Remove the roughing skin on vertical surfaces
The cutting length of your finishing cutter may be too short
An important feature in 3D CAM software is the option to offer separate operations for Roughing and for Finishing (as shown for instance in this tutorial video). For a roughing operation DeskProto offers extra functionality, including the option to machine in roughing layers (cannot be switched off for the first operation) and the option to leave a roughing skin around the part, to be removed when finishing. After such roughing operation the finishing cutter can simply follow the surface of the geometry, without the need for layers.
This process works fine for most geometries. Though not for all: for a geometry with high vertical surfaces the roughing skin can cause a problem for the finishing operation.

Three parts, each with a roughing skin, and a finishing cutter with its cutting length shown.
For the leftmost part finishing with this cutter is fine,
for the other two parts the cutting length is too short to remove the roughing skin.
For the leftmost part finishing with this cutter is fine,
for the other two parts the cutting length is too short to remove the roughing skin.
The image above shows three parts (drawn in brown). After the roughing operation each part is a bit too large as the roughing skin still is present (drawn in pink). That skin will be removed by the finishing cutter (drawn in grey). The advantages of this process are that inaccuracies in the roughing toolpath will be removed when finishing, and that the resulting surface will be very smooth as the workload for the finishing cutter is very low.
The exception just mentioned occurs in case of an (almost) vertical surface. The finishing cutter will follow the geometry, removing the skin. No problem as the skin is only a thin layer of material.

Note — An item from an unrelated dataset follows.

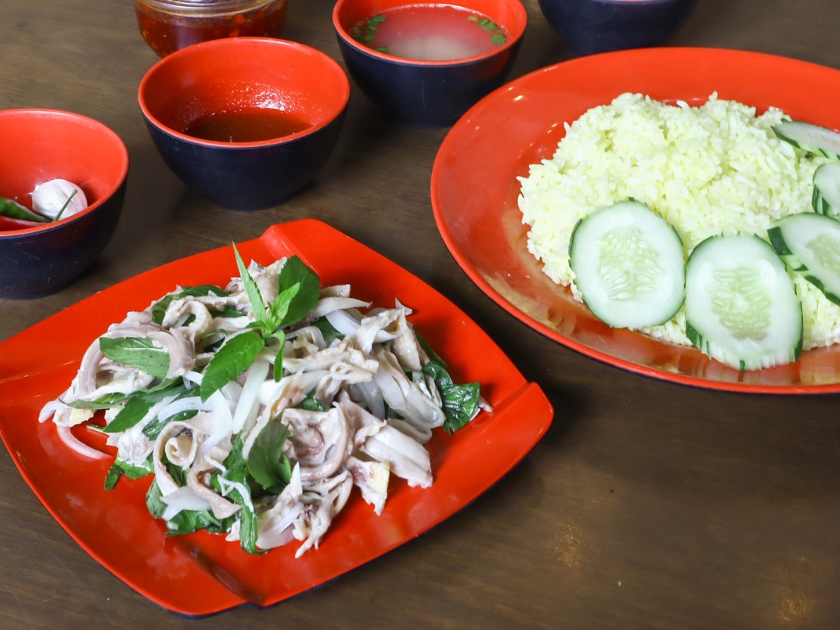 Cơm gà Quảng Ngãi (11)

However, the image also shows what happens when a high vertical surface is present: the finishing cutter tries to remove all skin on this vertical surface in one toolpath. As result the shaft of the cutter will hit the material: a collision (drawn in red) !
Such vertical surface can be present in the geometry (the part in the center) or when the cutter travels far below the geometry (the rightmost part), for instance when machining a part from two sides.

Roughing toolpaths and finishing toolpaths for a sphere, with extra waterline toolpaths in-between.
The solution for this problem is to create an extra operation, between roughing and finishing.
Such semi-finish operation needs to be without roughing options and use the waterline strategy.
For this extra operation as said no roughing skin needs to be set, and no roughing layers either. Strategy for this operation is Waterline, with detail settings "Top to bottom" and a Waterline distance that is smaller than the cutting length of the cutter. As you can see in the image above this is a very efficient way to remove the roughing skin from the vertical surfaces that are present.

Simulations of the result, after running the three sets of toolpaths shown above.
The red marker shows the start of the vertical surface, that no longer causes a problem now.
The red marker shows the start of the vertical surface, that no longer causes a problem now.
These simulations show the result after each of the toolpaths has been run. The leftmost simulation clearly shows the original problem, indicated with the red marker. Here the first finishing toolpath would try to remove the roughing skin over this complete height. In one movement of the cutter. Which is not possible, as the cutter does not have cutting edges over this complete height: as a result the shaft of the cutter would have hit the material. The extra set of waterline toolpaths has prevented that.